Further, the relevant variable X of the fault state of the electromechanical product system or the equipment obtains cost-sensitive input Lambda X through an input layer added with cost parameters, and n groups of random mapping nodes Z of the hidden layer are calculated according to the cost-sensitive input Lambda XⁿAnd m groups of enhanced nodes E^m：

Zⁿ＝[Z₁,Z₂,…,Z_i,…,Z_n]

Z_i＝φ_i(ΛXW_ei+β_ei)

E^m＝[E₁,E₂,…,E_j,…,E_m]

E_j＝ξ_j(Z′ⁿW_hj+β_hj)

In the formula: z is a linear or branched member_iMapping features for the ith group; phi is a_iIs a non-linear activation function; w_eiDetermining an optimal input weight matrix through sparse self-coding; beta is a_eiAn optimal input bias matrix determined by sparse self-encoding; weight matrix W_eiThe dimension of (a) is P multiplied by v, and P is the number of variable columns contained in X; mapping feature Z_iV nodes are contained; e_jA jth enhanced node; xi_jIs a non-linear activation function; w is a group of_hjAnd beta_hjRandom matrix and bias matrix, W, used for the jth set of high-dimensional features, respectively_hjAnd beta_hjAre all (∑)_nV) x η, mapping feature E_jComprises eta nodes;

randomly mapping the n groups of feature nodes ZⁿAnd m groups of enhanced nodes E^mCarrying out matrix splicing to obtain a hidden layer H of the width learning system considering cost sensitive learning:

H＝[Zⁿ|E^m]。

further, in step 32, a random deactivation layer is set in the existing width learning system, which is specifically as follows:

Θ*H/(1-θ)

in the formula: theta is a 0,1 vector of the random inactivation probability theta randomly generated by using the Bernoulli function;

the final output result of the learning system for setting the adjustable cost parameter and the width of the random inactivation layer is as follows:

Θ*H/(1-θ)*W＝Θ[Zⁿ|E^m]/(1-θ)*W＝Y

and calculating the output weight W by using ridge regression, and obtaining the single classifier comprising the cost parameter, the hidden layer and the random inactivation layer according to the output weight W and the relevant variables X of the fault state of the electromechanical product system or the equipment.

Preferably, the fault state in step 1 includes a fault and no fault.

Preferably, the monitoring data in step 1 is heterogeneous data, and the heterogeneous data includes continuous features, discrete features and signal features.

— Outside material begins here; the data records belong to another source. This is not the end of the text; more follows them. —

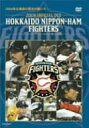 【中古】2004 OFFICIAL DVD HOKKAIDO NIPPON HAM FIGHTERS ファイターズとファンがともに闘った軌跡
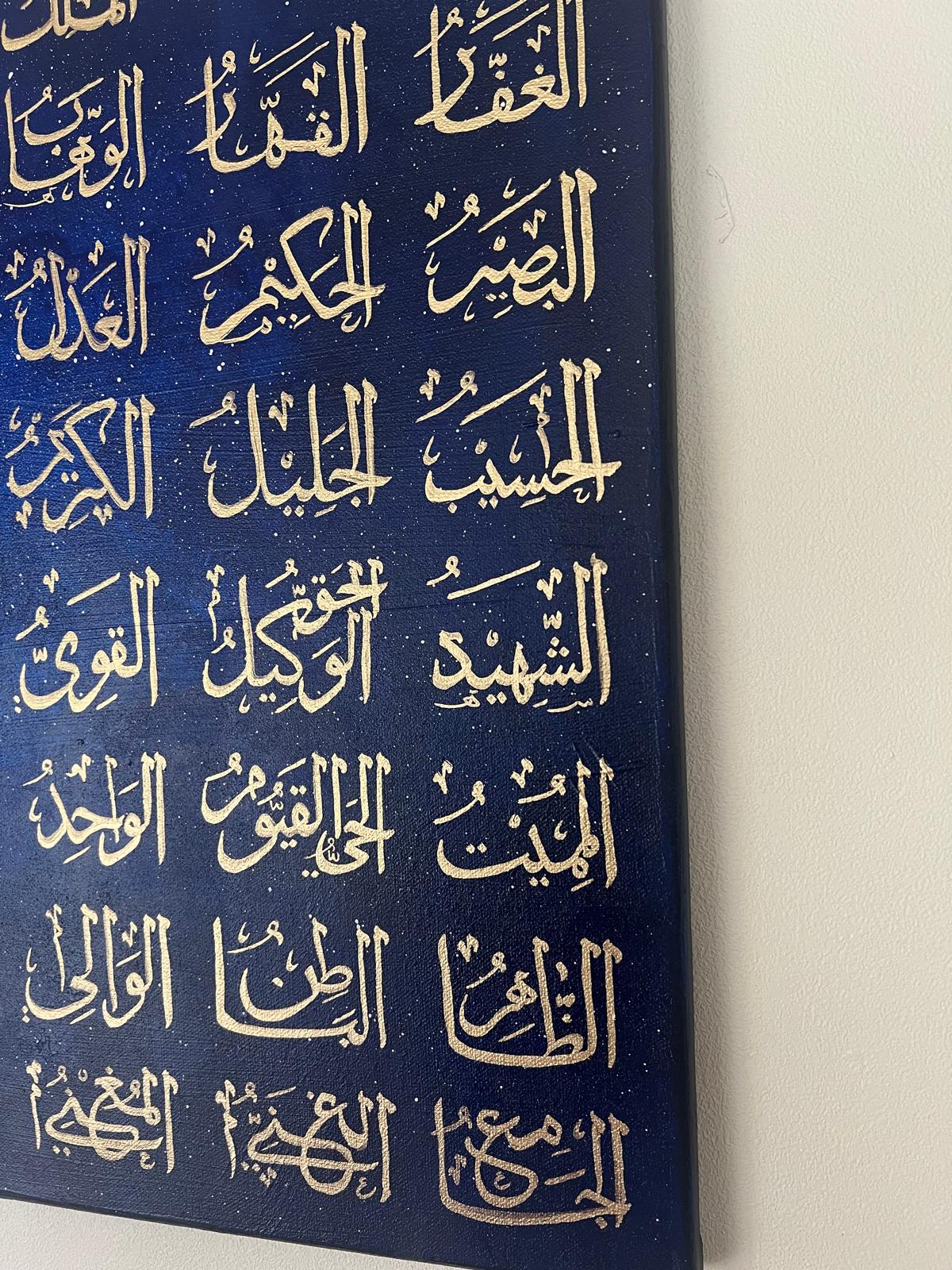 Dreamy Night Sky Artwork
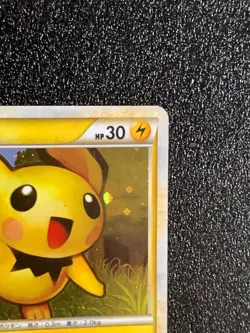 Pichu 031/070 Holo 1st Edition Pokemon Card Japanese Nintendo Rare Japan NM F/S - Image 3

Preferably, the data preprocessing in step 2 includes filling missing values, replacing outliers, processing dimension gaps, and digitizing; the abnormal value is a record obviously exceeding a specified environment threshold value of the system or the equipment; the processing dimension difference refers to data normalization, and the data normalization is to convert the monitoring data of the electromechanical product system or equipment into numerical variables of 0 to 1

Compared with the prior art, the invention has the beneficial effects that:

1. on the basis of the existing width learning system, cost sensitive learning is adopted to fully utilize original data, and the operation burden is not increased basically;

2. the cost sensitive parameter and the random inactivation probability parameter are set as adjustable parameters, so that the flexibility and the adaptability are higher;

3. random inactivation and integrated learning are integrated, so that the model structure and parameters are stable, and the universality is strong;

4. the improved width learning-based system is fast in training, accurate in prediction, high in stability and robustness, applied to monitoring the fault state of a complex system or equipment in real time, capable of preventing faults and providing maintenance suggestions, and has guiding and reference significance for other algorithms and scenes such as fault prediction and the like.

Drawings

FIG. 1 is a block flow diagram of a method for real-time fault diagnosis of an electromechanical product system or device based on width learning according to an embodiment of the present invention;

FIG. 2 is a block diagram of a single width learning system classifier containing cost parameters, hidden layers and random deactivation layers according to an embodiment of the present invention;

FIG. 3 is a flow chart of a comparative experiment for verifying the effectiveness of the present invention based on examples in an embodiment of the present invention;

FIG. 4 is a schematic diagram of a t-SNE projection of a one-year health status monitoring data of a typical electromechanical brake system in accordance with an embodiment of the present invention.

Detailed Description

Hereinafter, embodiments of the present invention will be described with reference to the drawings.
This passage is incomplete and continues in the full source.